To estimate $p(w_n|w_{n-1},w_{n-2},\cdots,w_{n-N})$, an intuitive way is to do maximum likelihood estimation (MLE).

Maximum likelihood estimation estimates the model parameters such that the probability is maximized.

In our case, the parameters are $p(w_n|w_{n-1},w_{n-2},\cdots,w_{n-N})$, and the probability we maximizes is $p(w_1)p(w_2|w_1)p(w_3|w_2,w_1)\cdots p(w_n|w_{n-1},w_{n-2},\cdots,w_{n-N})$

In practice, we simply count the occurrence of word patterns to calculate the maximum likelihood estimation of $p(w_n|w_{n-1},w_{n-2},\cdots,w_{n-N})$.

Unigram Model

$$p(w_i) = \frac{c(w_i)}{\sum_{w}^{} c(w)}$$

Bigram Model

$$p(w_i|w_{i-1}) = \frac{c(w_{i-1},w_i)}{\sum_{w}^{} c(w_{i-1},w)}$$

Trigram Model

$$p(w_i|w_{i-1},w_{i-2}) = \frac{c(w_{i-2},w_{i-1},w_i)}{\sum_{w}^{} c(w_{i-2},w_{i-1},w)}$$

Now the question becomes why these formulas are the maximum likelihood estimations. Most of the books and online tutorials only give these formulas without showing formal mathematical proof.

Here I am going to rigorously show that these are actually the formulas of maximum likelihood estimation.

Mathematical Derivation of Maximum Likelihood Estimation of N-Gram Model Parameters

Unigram Model

Let us warm up with unigram model.

We have a collection of unique words, $w_1, w_2, \cdots, w_n$.

For any given sequence of words $\mathbf{w}$ of length $N$ ($\mathbf{w} = (w_1, w_2, w_1, w_5, w_7, w_2)$ for example), we have

$$
\begin{aligned}
p(\mathbf{w})
& = p(w_1)^{c(w_1)} p(w_2)^{c(w_2)} p(w_3)^{c(w_3)}\cdots p(w_n)^{c(w_n)}\\
& = \prod_{i=1}^{n}p(w_i)^{c(w_i)}
\end{aligned}
$$

where $c(w_i)$ is the count of word $w_i$ in the sentence.

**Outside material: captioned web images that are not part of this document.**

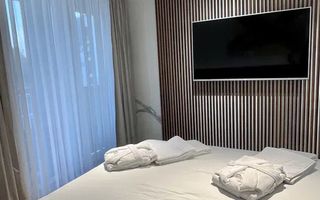 De inchiriat apartament 2 camere, central -  LUX, zona The office - Poză 4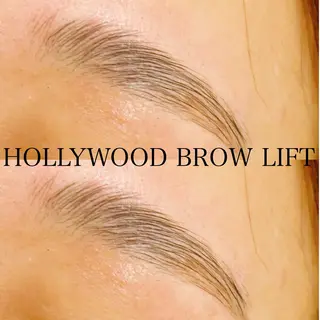 アイブロウ Well moon 🌙岩部のマツエク・マツパデザイン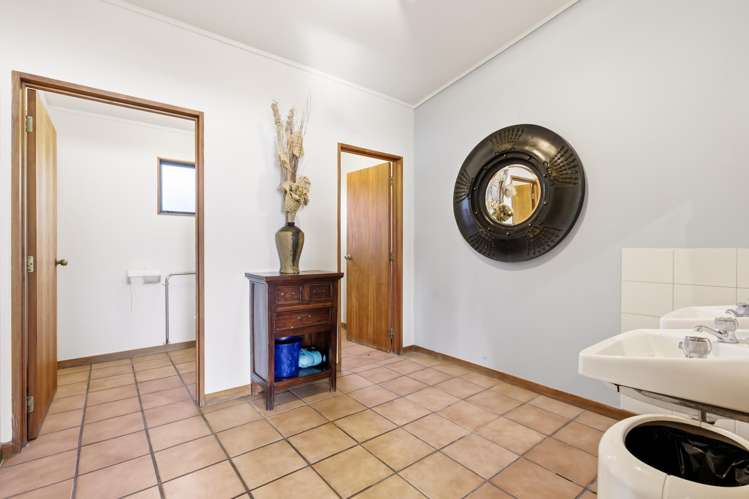 88 and 104 Waihi Road Tokaanu_10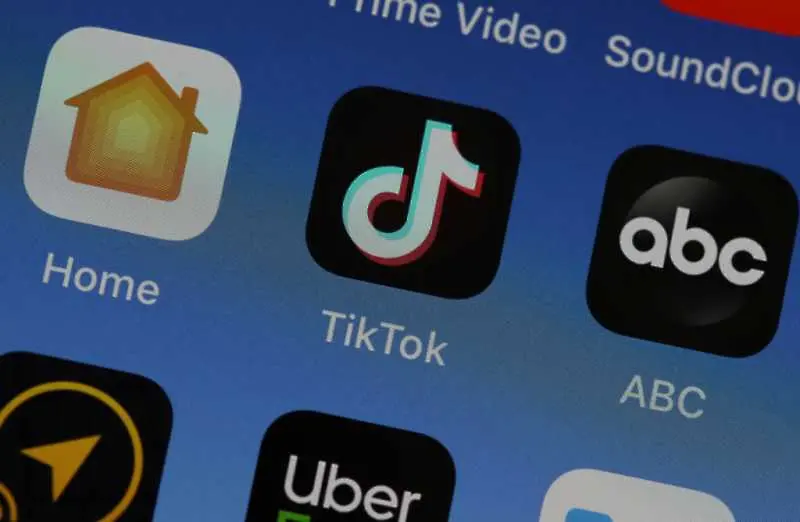 Инвеститори предлагат да купят мобилното приложение TikTok за 50 млрд. долара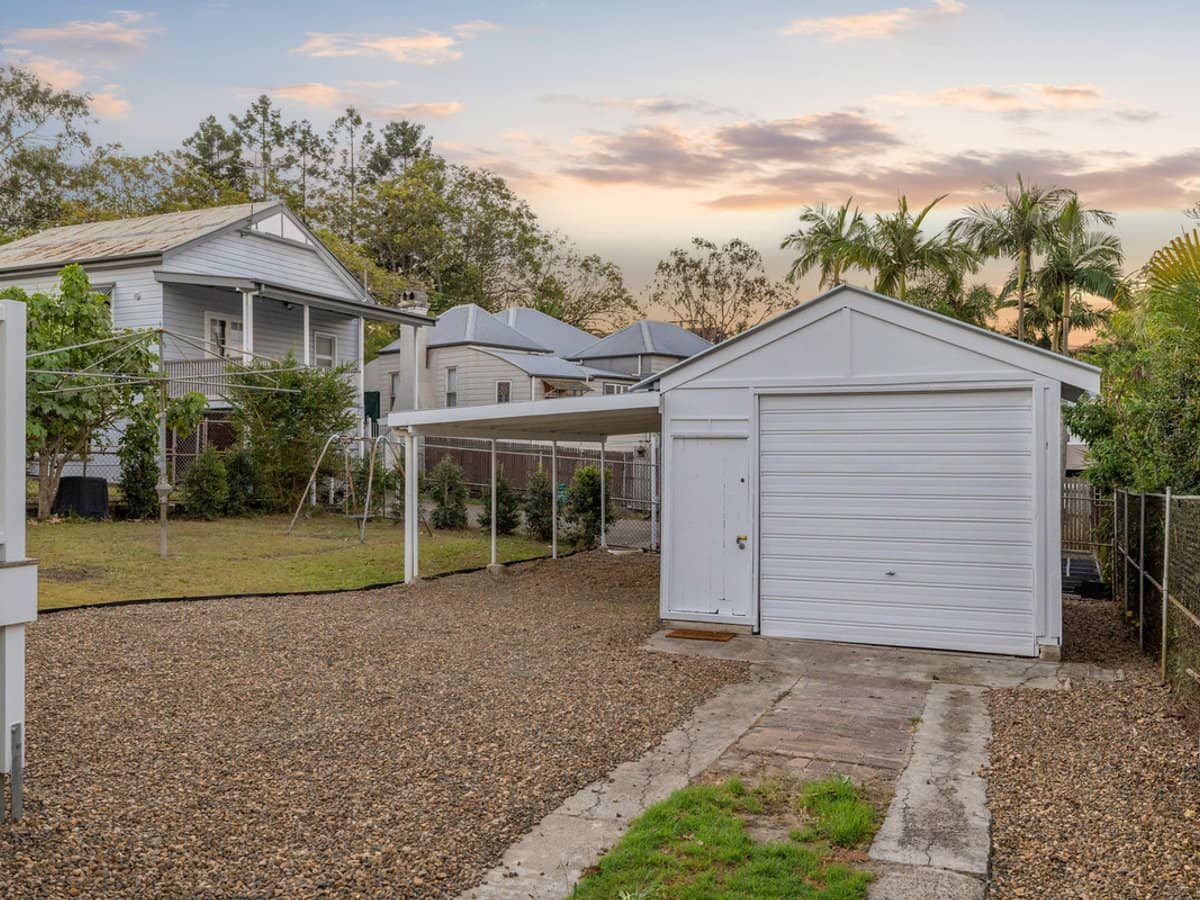 21 Elizabeth Street, WOODEND - Thumbnail 21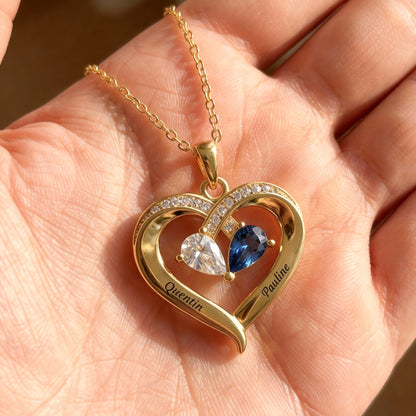 Collar con nombre "Corazones entrelazados"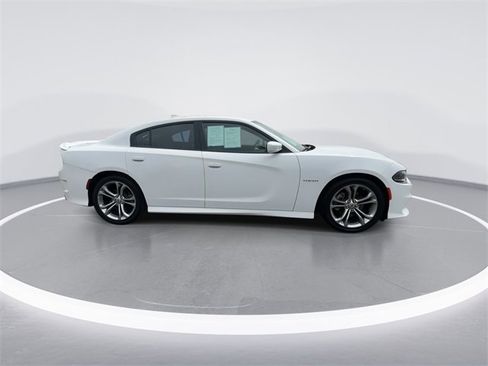 Certified 2022 Dodge Charger R/T image 9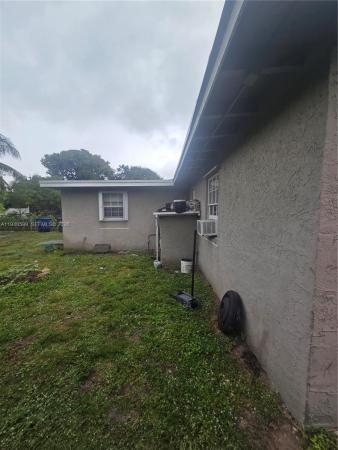 Atlantic Park Gardens, 210 SW 14th Ave, Delray Beach, Florida 33444, image 3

We take the log of $p(\mathbf{w})$, we then have:

$$
\begin{aligned}
\log{p(\mathbf{w})}
& = c(w_1)\log{p(w_1)} + c(w_2)\log{p(w_2)} + c(w_3)\log{p(w_3)} + \cdots + c(w_n)\log{p(w_n)}\\
& = \sum_{i=1}^{n}c(w_i)\log{p(w_i)}
\end{aligned}
$$

To maximize $p(\mathbf{w})$, equivalently we have the following optimization problem:

Maximize $\log{p(\mathbf{w})}$, subject to $\forall i \in [1 \dotsc N]$, $\sum_{i = 1}^{n} p(w_i) = 1$.

Equivalently, we introduce auxilliary optimization function using Lagrange multiplier $\sum_{i=1}^{n}p(w_i)-1 = 0$:

$$
\mathcal{L} = \sum_{i=1}^{n}c(w_i)\log{p(w_i)} + \lambda\left(\sum_{i=1}^{n}p(w_i)-1\right)
$$

The Hessian matrix of $\mathcal{L}$ is as follows:

$$
\begin{align}
\mathbf{H}(\mathcal{L})
&=
\begin{bmatrix}
\frac{\partial^2 \mathcal{L}}{\partial p(w_1)^2} & \frac{\partial^2 \mathcal{L}}{\partial p(w_1) \partial p(w_2)} & \cdots & \frac{\partial^2 \mathcal{L}}{\partial p(w_1) \partial p(w_n)}\\
\frac{\partial^2 \mathcal{L}}{\partial p(w_2) \partial p(w_1)} & \frac{\partial^2 \mathcal{L}}{\partial p(w_2)^2} & \cdots & \frac{\partial^2 \mathcal{L}}{\partial p(w_2) \partial p(w_n)}\\
\vdots & \vdots & \ddots & \vdots\\
\frac{\partial^2 \mathcal{L}}{\partial p(w_n) \partial p(w_1)} & \frac{\partial^2 \mathcal{L}}{\partial p(w_n) \partial p(w_2)} & \cdots & \frac{\partial^2 \mathcal{L}}{\partial p(w_n)^2}
\end{bmatrix} \\
&=
\begin{bmatrix}
\frac{c(w_1)}{p(w_1)^2} & 0 & \cdots & 0\\
0 & \frac{c(w_2)}{p(w_2)^2} & \cdots & 0\\
\vdots & \vdots & \ddots & \vdots\\
0 & 0 & \cdots & \frac{c(w_n)}{p(w_n)^2}
\end{bmatrix}
\end{align}
$$

It is straightforward to see that the Hessian matrix is positive semi-definite, therefore the optimization problem is convex.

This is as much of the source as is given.